COLOSSAL writes about him: Cabanding “paints well-known masterpieces in unsuspecting public places to create captivating trompe l’oeil interventions. The classic scenes and their ornate frames are hand-painted on unlikely backdrops such as graffiti-filled walls, crumbling buildings, and slabs of stones by the sea. These decrepit locations are chosen on purpose, as Anaya Cabanding seeks a distinct contrast to the pristine halls of traditional art museums. “These places are inhospitable, decadent, and inappropriate to receive such a valuable object,” he explains to Colossal. “Opposite of what a museum is.”
Anaya Cabanding symbolically “steals” the works of art, presenting them in locations that are abandoned, peripheral, or difficult to access. To create each work he first outlines his replica in spray paint, and then meticulously fills in the details in acrylic paint. The practice evolved from his art education at the University of Fine Arts in Malaga where he developed an interest in site-specific works and traditional trompe l’oeil.
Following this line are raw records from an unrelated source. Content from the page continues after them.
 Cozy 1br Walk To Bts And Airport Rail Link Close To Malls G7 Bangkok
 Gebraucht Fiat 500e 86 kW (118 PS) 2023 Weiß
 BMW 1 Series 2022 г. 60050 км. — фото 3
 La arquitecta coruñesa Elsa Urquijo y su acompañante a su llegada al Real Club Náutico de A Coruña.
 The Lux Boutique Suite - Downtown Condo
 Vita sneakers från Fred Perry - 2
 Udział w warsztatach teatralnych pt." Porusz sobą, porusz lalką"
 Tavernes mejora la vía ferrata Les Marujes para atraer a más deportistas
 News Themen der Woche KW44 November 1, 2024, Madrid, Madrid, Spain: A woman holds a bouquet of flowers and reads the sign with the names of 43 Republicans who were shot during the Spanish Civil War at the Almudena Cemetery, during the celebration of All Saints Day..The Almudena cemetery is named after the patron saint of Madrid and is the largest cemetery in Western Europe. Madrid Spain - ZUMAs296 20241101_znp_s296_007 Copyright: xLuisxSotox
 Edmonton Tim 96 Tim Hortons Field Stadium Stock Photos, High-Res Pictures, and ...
It was at the encouragement of his graffiti-writing friend Imon Boy that he first moved his work from the studio to the street. “I really liked the result and the relationship between the trompe l’oeil painting and the environment, so I decided to continue doing that,” he recounts of his initial experience.
His interventions are so meticulously rendered that people often think they are Photoshopped, or mistake them for the original paintings. “A year ago I painted two paintings by Lucian Freud… in an exhibition with colleagues from the university,” he says. “When talking to one of their mothers one week later, a colleague realized she still thought she had seen two real paintings.”